UK nationals with cross-border estates often require careful succession planning. Estate planning is particularly important with assets in countries such as France, which applies forced heirship rules on death.
French law dictates that children are entitled to a share of any French property owned by the deceased, even if there is a surviving spouse. Conversely, under English law (if applicable), the testator would have testamentary freedom to choose to whom their personal death estate will devolve.
Introduced in 2015, the European Succession Regulation (the Regulation) sought to simplify matters. Broadly, it enables UK nationals to elect that English law (or the law of their nationality/habitual residence) should apply to the administration of their death estates.
While the UK has left the EU, the Regulation remains relevant for UK nationals living in the EU, as well as those living in the UK with assets in the EU.
However, French law introduced Article 913 of the Civil Code (the "Code") in November 2021. Article 913 overrides the Regulation so that heirs who do not inherit what they expect to under the forced heirship regime in France – due to the Regulation, or otherwise – are entitled to compensation for their disinherited share.
The Code applies where French property forms part of the estate and either:
- The deceased was habitually resident in the EU, or an EU national; or
- At least one child of the deceased is habitually resident in the EU, or an EU national.
This means, if the deceased and their children are all UK nationals living in the UK, the Regulation continues to apply.

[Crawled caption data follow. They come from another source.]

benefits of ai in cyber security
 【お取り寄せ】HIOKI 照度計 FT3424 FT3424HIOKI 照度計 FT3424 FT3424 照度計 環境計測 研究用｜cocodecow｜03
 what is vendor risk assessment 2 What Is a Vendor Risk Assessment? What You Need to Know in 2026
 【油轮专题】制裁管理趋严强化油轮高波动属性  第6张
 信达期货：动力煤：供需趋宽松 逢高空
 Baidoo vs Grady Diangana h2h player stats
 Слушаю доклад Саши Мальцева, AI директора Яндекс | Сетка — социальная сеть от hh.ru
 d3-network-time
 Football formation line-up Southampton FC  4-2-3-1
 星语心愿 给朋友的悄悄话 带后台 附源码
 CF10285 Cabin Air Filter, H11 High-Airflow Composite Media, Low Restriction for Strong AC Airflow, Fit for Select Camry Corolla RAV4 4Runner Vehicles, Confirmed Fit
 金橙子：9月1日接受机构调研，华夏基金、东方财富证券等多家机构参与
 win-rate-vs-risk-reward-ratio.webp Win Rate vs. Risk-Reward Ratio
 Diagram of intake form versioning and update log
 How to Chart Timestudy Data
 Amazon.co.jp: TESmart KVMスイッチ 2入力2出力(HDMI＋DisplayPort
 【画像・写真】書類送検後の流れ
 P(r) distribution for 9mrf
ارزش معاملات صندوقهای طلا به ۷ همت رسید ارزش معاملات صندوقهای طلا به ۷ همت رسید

By contrast if the deceased lived in France or another EU member state, or even lived in the UK but their UK national child lives in the EU, then the Code applies – making forced heirship applicable instead.
The Code runs counter to the Regulation. It is therefore likely to be challenged, but unless and until a successful challenge is mounted, UK nationals who live in the EU and own French property should be wary of the Code and its implications in relation to estate planning.